Ultrasonography, a very well-tolerated and easily repeatable investigation, can also be used to diagnose inflammatory bowel disease, both to identify the affected tracts and to monitor them over time.
What to expect
The course of both diseases is typically chronic, characterised by more or less short periods (days or weeks) of even very severe flare-ups, alternating with very long phases (even years) of absolute remission of symptoms and inflammation.
In any case, in the vast majority of cases, patients have more than one episode of flare-up during their lifetime, while complete recovery very rarely occurs after a single episode.
Unfortunately, in spite of medical therapies, it is possible for both diseases to develop even serious, though fortunately very rare, complications: in order of rarity, the onset of stenosis (narrowing of the calibre of a stretch of intestine affected by severe inflammation, with the possibility of this stretch being occluded), perforation of the wall, massive haemorrhages, forms of considerable magnitude known as fulminant forms, so-called toxic forms with paralysis of the intestine (toxic megacolon), the onset of tumours in the regions most affected by the inflammatory process and in patients with a longer history of the disease.
Moreover, as already mentioned, it is possible for MC in particular to involve other apparatuses or organs at the same time, thus leading to complications in the eye, skin, liver, kidneys and joints.
Chronic inflammatory bowel disease: what to do
Once the diagnosis of MICI has been suspected or made, it is preferable to turn to specialised doctors and facilities for therapy and subsequent periodic checks.
Basically, we must distinguish between two different therapeutic moments.
In the most acute phase of the disease, hospitalisation is almost always necessary in order to be able to implement any necessary therapeutic and supportive measures.
It is usually necessary to impose fasting on the patient, and then intravenous nutritional and fluid support will be needed.

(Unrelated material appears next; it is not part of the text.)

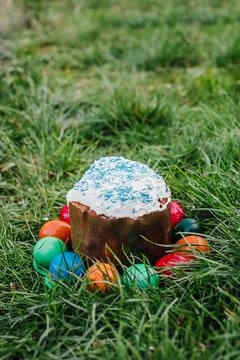 Painted and decorative Easter cake and eggs in the grass. Top view, copy space Stock Photos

In some cases, haemotransfusions may also be necessary; in other cases, fortunately rare at the beginning of the disease, the clinical picture may be so severe that specialists may advise the patient to be referred to the surgeon in order to carry out the removal of more or less long stretches of intestine irreparably affected by inflammation.
Outside these periods of more acute inflammation, periods of remission of symptoms or at least of lesser intensity can be safely treated at home by the patient, with periodic outpatient check-ups.
The cornerstones of medical therapy, both in the acute phase and in those in remission, involve the use of anti-inflammatory drugs (mostly cortisone), drugs that modify the body’s immune response (salazopyrin and aminosalicidic acid and derivatives), sometimes even immunosuppressive drugs (such as azathioprine or cyclosporine) or particular types of antibiotics.
Logically, all the therapeutic baggage must be used by the specialist with different dosages, combinations of the various drugs and ways of administering them (oral, enemas, intramuscular, etc.) depending on the stage of the disease.
Very often it is necessary during remission phases to prolong medical therapy, even for very long periods, to prevent or limit flare-ups.
Advice
No particular dietary restrictions are necessary during the remission periods, but a particularly varied diet with foods that are well digestible and tolerated by the patient is recommended.
Smoking, which worsens the course of MICI, should be discouraged, and alcoholic beverages should be moderated.
Psychophysical stress and states of anxiety were for a long time thought to be in some way conducive to the onset of mycosis or its flare-ups, but their role has now been greatly reduced.
During therapy, women mostly retain normal fertility, which is somewhat reduced in men when treated with sulfasalazine.
In the event of an established or suspected pregnancy, a specialist should be consulted for any changes in medical therapy.